Skin tissue engineering primarily requires short in vitro manipulation time. Formation of large cell patches in CS-PCL scaffold helps in faster cell coverage thereby reducing in vitro time. The cell growth on CS-PCL measured at two time points were significantly more compared to PCL. These results are similar to previous reports with human dermal fibroblast on PCL nanofilms incorporated with CS [37]. Cell adhesion, morphology spreading, migration and ECM deposition is dependent on the distribution of actin cytoskeleton [38]. Actin cytoskeletal distribution of cells seeded on PCL and CS-PCL showed cortical staining pattern which indicates well spread morphology of cells [39]. The CS-PCL scaffolds also favored L929 cell proliferation compared to PCL indicating the blend properties of both CS and PCL. The results indicates that CS-PCL electrospun scaffolds were superior in supporting the cell proliferation compared to PCL alone and suitable for skin tissue engineering.

5 Conclusions

CS and PCL blend was prepared in a modified solvent of formic acid and acetone and used for electrospinning.
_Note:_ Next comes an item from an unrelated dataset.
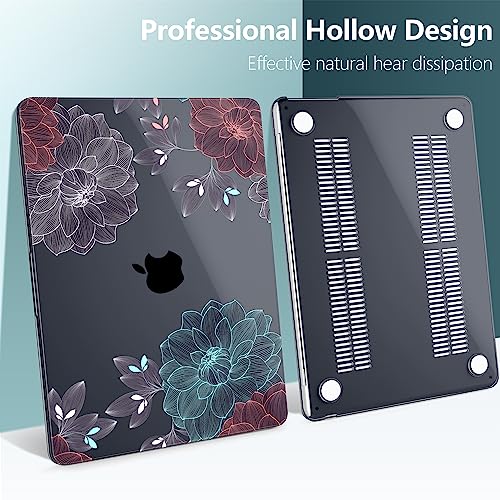 DONGKE for MacBook Air 13 Inch Case M5 2026 M4 2025 M3 M2 2024-2022 A3449 A3240 A3113 A2681, Plastic Hard Shell & Keyboard Cover & Screen Film for MacBook Air 13.6 Inch Case - Dahlia Flowers - color: Dahlia Flowers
The CS-PCL mats were evaluated for biocompatibility and its suitability for skin tissue engineering using HaCaT. The performance of the blend mats were compared with PCL mats. The CS -PCL fibrous mats showed enhanced cell adhesion cell spreading and proliferation. Improved cell material interaction of HaCaT cells on CS-PCL suggests that blending CS with PCL makes it a better substrate for skin tissue engineering.